What was previously the preserve of only the large companies and the
affluent business owner is now instantly accessible by start-ups and
home-based businesses alike.

The costs that apply for everyday business can be dramatically reduced in an Australia held
hostage for the release of high-speed broadband by the national
monopoly player and a recalcitrant government’s regulatory body.

We are faced with a disjointed, fragmented information system with
variable access, variable IT suppliers, conflicting technologies, slow
speed of support and arrogant technical support from some providers.

Australia remains at the bottom of the pile of sophisticated business
communication systems until we demand better and expect to get what is
already available in Northern Ireland today at a fraction of the cost
of almost any one of the separate services

No more hours spent fighting the telephone computer substitutes for human service,
separate on-line ordering systems tied to individual financial
institutions, separate systems for stock control and accounting records
and another for customer relationship marketing and management

It comes down to this: any business, no matter what its size, has regular
communication with homes, business and government contacts (B2B, B2C
and B2G become blurred into one reality) at 40 times the speed we can
do in Australia and at a fraction of the cost.

Suppliers, marketers and distributors all share the one system with common
definitions, product and service images and direct interaction on
contracts and fulfilment. Anytime that a customer – even from the other
side of the globe in a different time zone – makes an enquiry or places
an order, it gets sorted, sent and billed without the hassle of many
call charges, software clashes or credit identity delays.

Efficient information age infrastructures enable small business to compete on a
global basis and make direct contact with enterprise around the world,
wherever high-speed broadband enables more efficient data processing,
banking, insurance, management and technical consulting, travel
planning, business logistics and customer relations management.

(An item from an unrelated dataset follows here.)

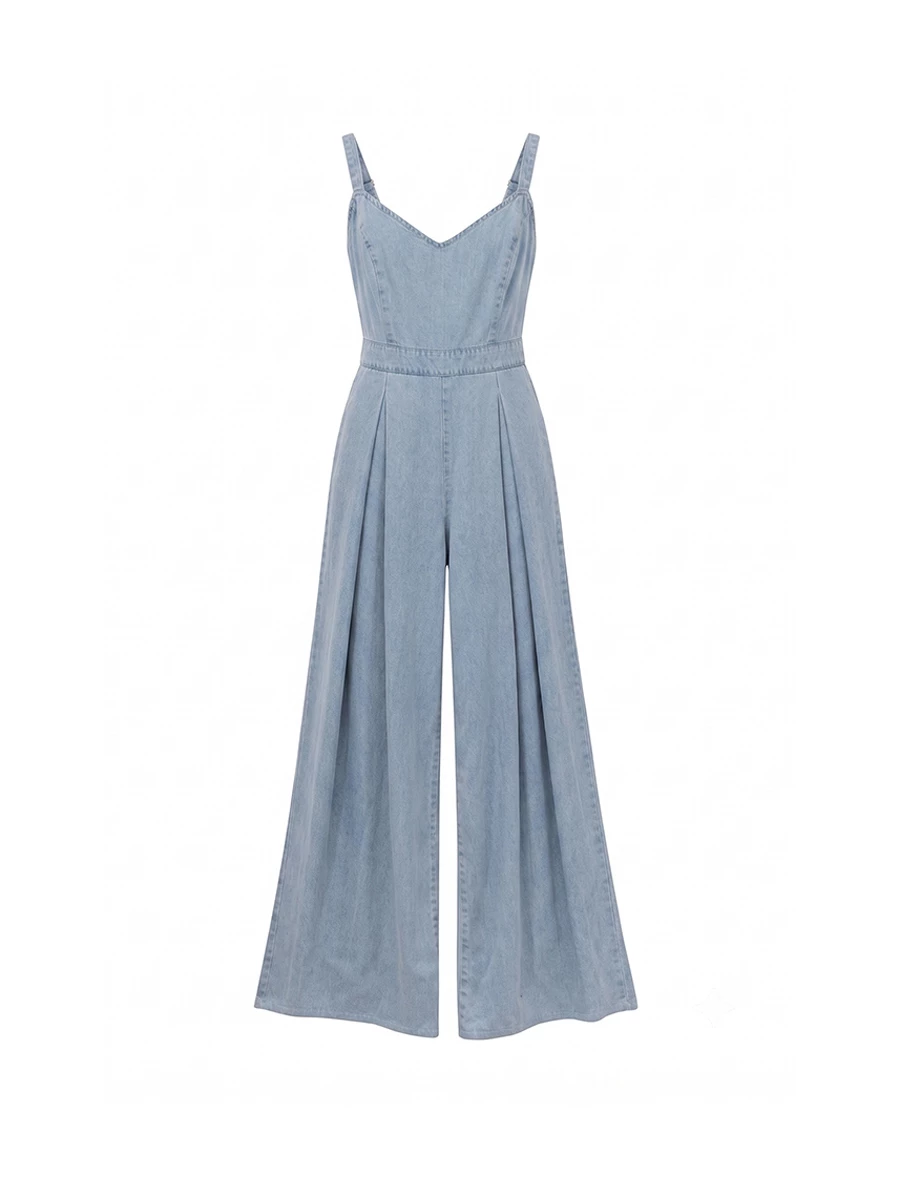 V Neck Smocked Back Pleated Wide Leg Jeans Denim Jumpsuit V Neck Smocked Back Pleated Wide Leg Jeans Denim Jumpsuit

The results are already in for countries such as Ireland, Iceland, Denmark,
Belgium, Hong Kong, Korea, the Netherlands and Canada, to name but a
handful of countries that have seen the potential for new growth
opportunities to be gained from commitment to an entry to the 21st
century

As Rob Frieden from Penn State University states in his study of lessons to be learned from Broadband Development in Canada, Japan and Korea: “The acquisition of comparative advantages in
ICT development appears impossible without some degree of government
involvement.

“No matter how attractive ‘blue sky’ technologies appear on the horizon, governments may need to jump-start
new technology adoption and thereby accelerate the accrual of a
critical mass needed to achieve scale economies and the ability to
offer serves at rates a mass market will support.”